O objetivo ao apresentar este inventário à COP 30, que será realizada em Belém em 2025, é demonstrar, de maneira sólida e consistente, que a agricultura pode ser parte da solução para as mudanças climáticas, desde que políticas públicas e estratégias privadas sejam direcionadas para a ampliação do uso dessas tecnologias economizadoras de recursos, propulsoras da produtividade e da conservação ambiental. É esta a direção a ser tomada. 

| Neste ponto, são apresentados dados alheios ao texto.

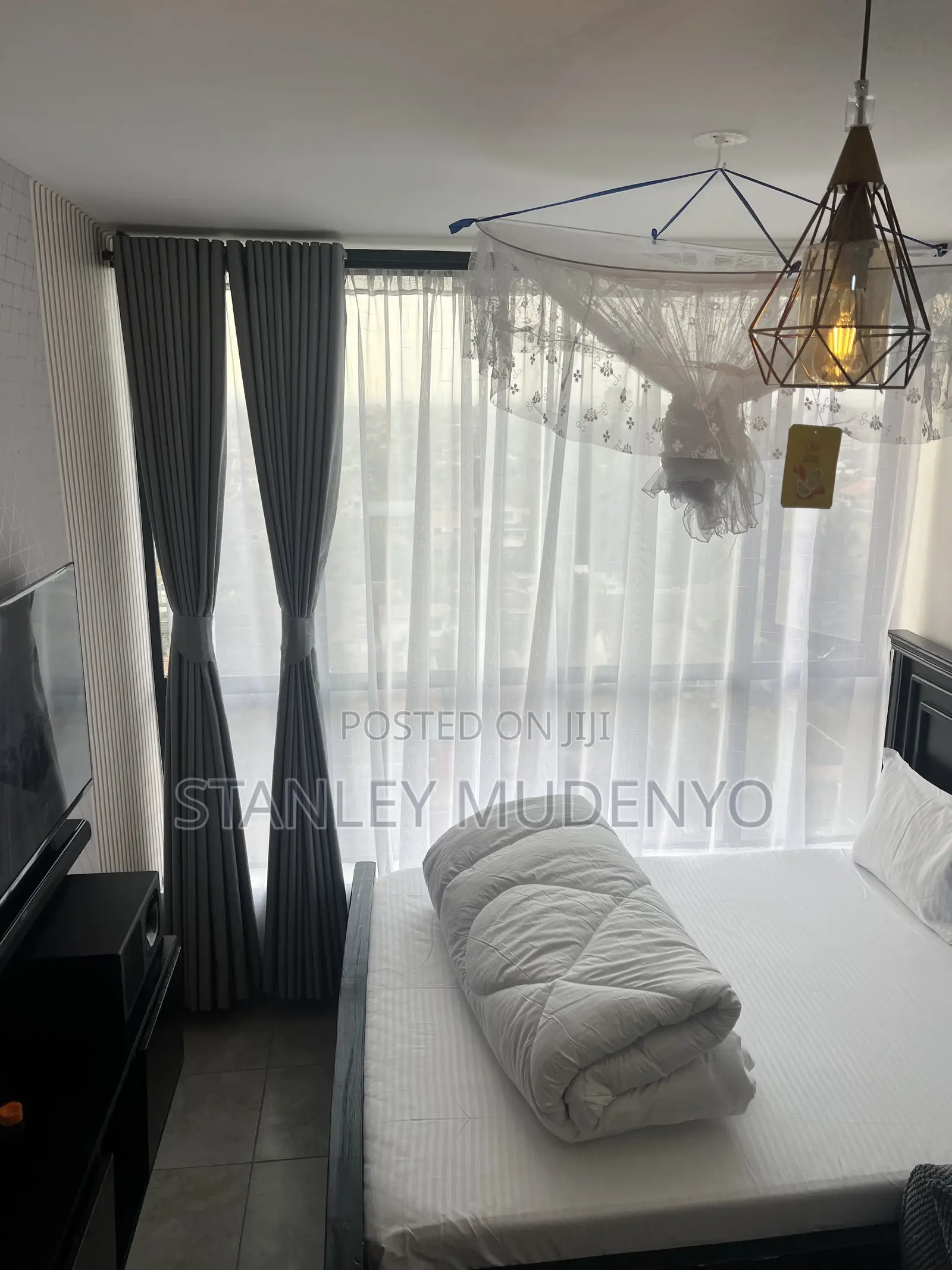Most Affordable Affordable Studio Air BNB at Tsavo Fedha Near Jkia SGR in Fedha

Ribeirão Preto, Brasil - 26 de junho de 2025

Atenciosamente,

Aidan Connoly
IFAMA President

Marcos Fava Neves
Chair da Conferência, Chanceler da Harven Agribusiness School e professor da Universidade de São Paulo

Nota: esta carta foi elaborada durante a conferência com a participação de 600 representantes de 40 países:
Angola
Argentina
Armênia
Austrália
Bangladesh
Bolívia
Botswana
Brasil
Canadá
República Central Africana
Chile
China
Congo
Costa Rica
Egito
França
Georgia
Alemanha
Gana
Índia
Irã
Irlanda
Itália
Quênia
México
Nepal
Países Baixos
Nova Zelândia
Nigéria
Peru
Polônia
Portugal
África do Sul
Coreia do Sul
Espanha
Suíça
Tanzânia
Uganda
Reino Unido
Estados Unidos da América

Sobre o IFAMA

A International Food and Agribusiness Management Association (IFAMA) é uma organização global que reúne líderes do agronegócio e das cadeias alimentares mundiais. Fundada em 1990, seus membros fundadores incluem Ray Goldberg (Universidade de Harvard), criador do conceito de “agronegócio”. Com representantes em mais de 50 países, a IFAMA realiza anualmente a “Conferência Mundial IFAMA”, evento que, em sua 35ª edição, foi sediado no Brasil pela primeira vez, em Ribeirão Preto, São Paulo, sob a coordenação da Harven Agribusiness School.